Task to complete:
When writing out the entries below, keep only the lines from the line with "Screenshot 2026 01 22 143526" to the line with "323 N Hobart", both included, exactly as they are, and leave the pictures aside.

Data to use:
= Beginning of Section =

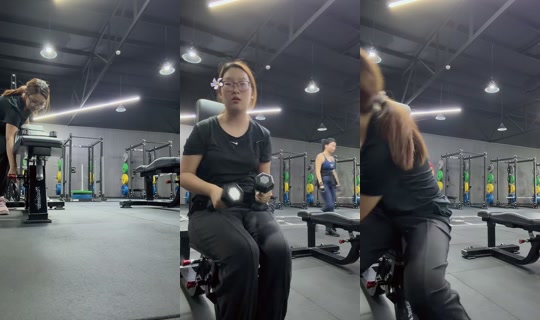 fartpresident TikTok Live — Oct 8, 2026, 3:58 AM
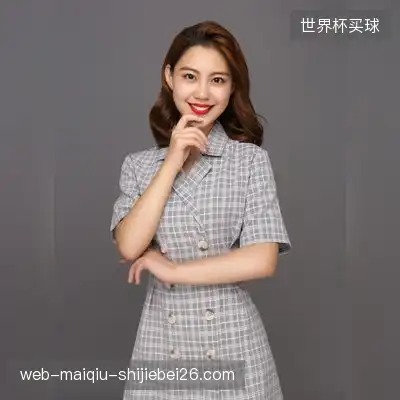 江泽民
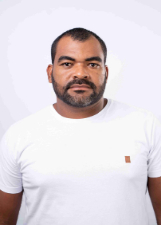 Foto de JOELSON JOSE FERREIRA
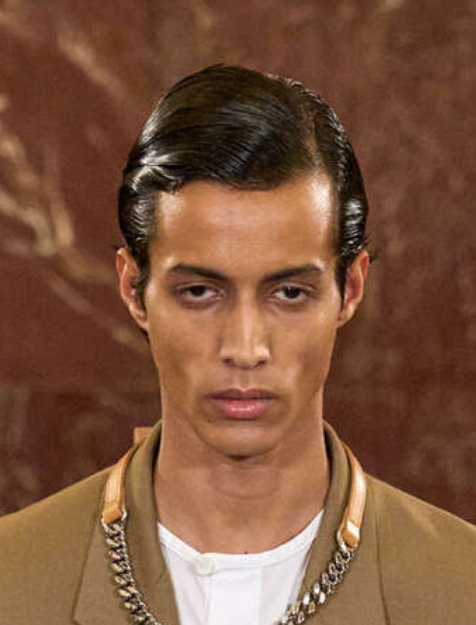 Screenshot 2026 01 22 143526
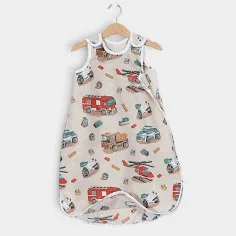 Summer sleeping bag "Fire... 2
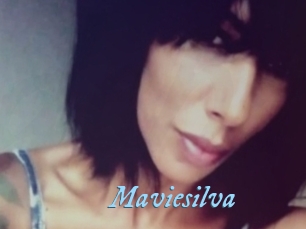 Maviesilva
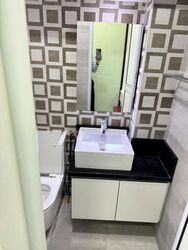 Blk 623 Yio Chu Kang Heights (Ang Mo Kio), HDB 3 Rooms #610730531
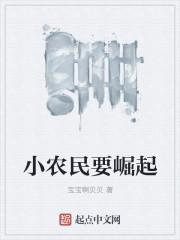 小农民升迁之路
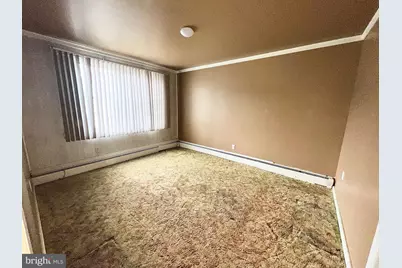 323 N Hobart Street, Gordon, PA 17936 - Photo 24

= End of Section =
= Beginning of Section =

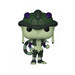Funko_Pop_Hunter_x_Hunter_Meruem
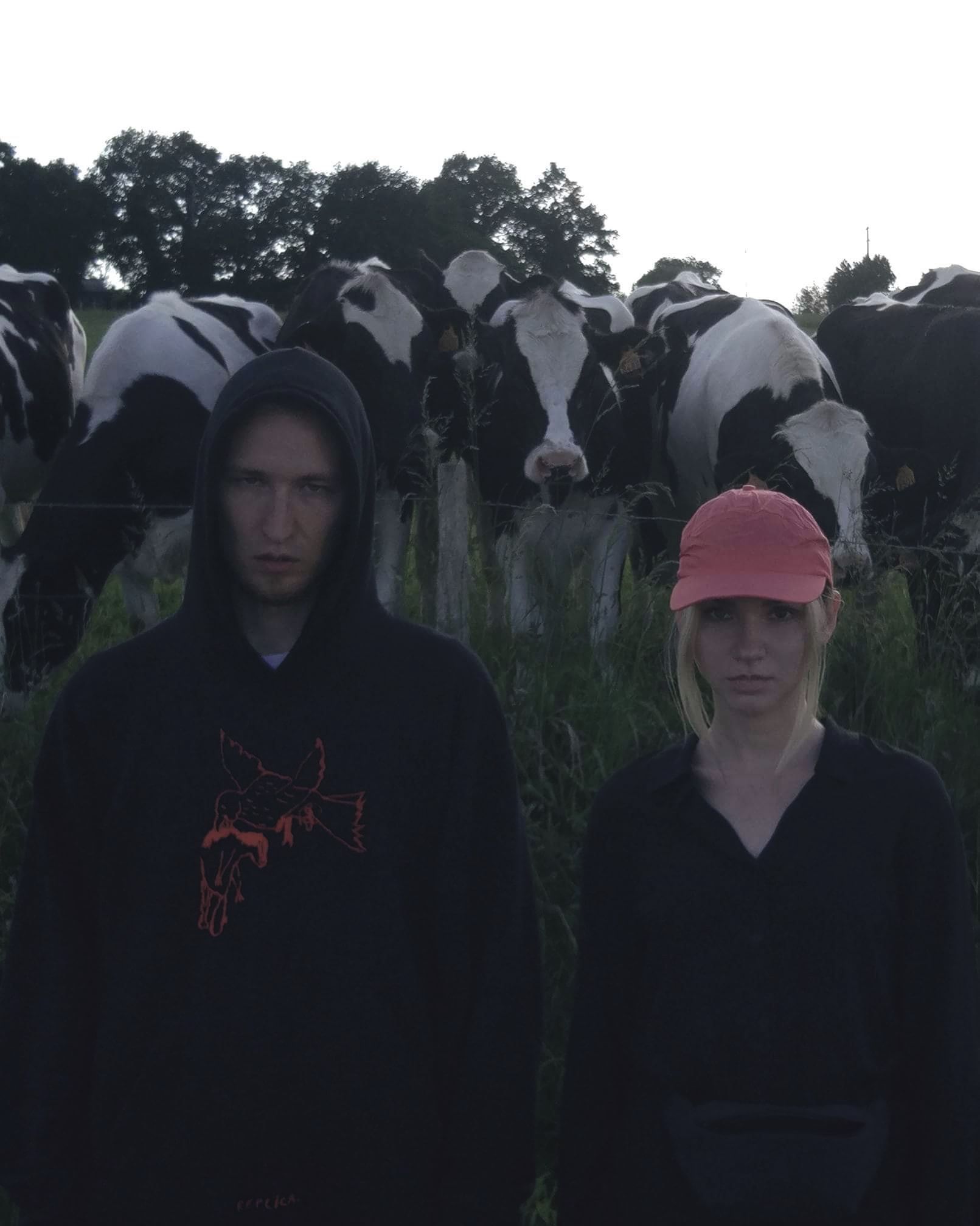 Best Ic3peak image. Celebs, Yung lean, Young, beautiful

= End of Section =

Solution to this task:
 Screenshot 2026 01 22 143526
 Summer sleeping bag "Fire... 2
 Maviesilva
 Blk 623 Yio Chu Kang Heights (Ang Mo Kio), HDB 3 Rooms #610730531
 小农民升迁之路
 323 N Hobart Street, Gordon, PA 17936 - Photo 24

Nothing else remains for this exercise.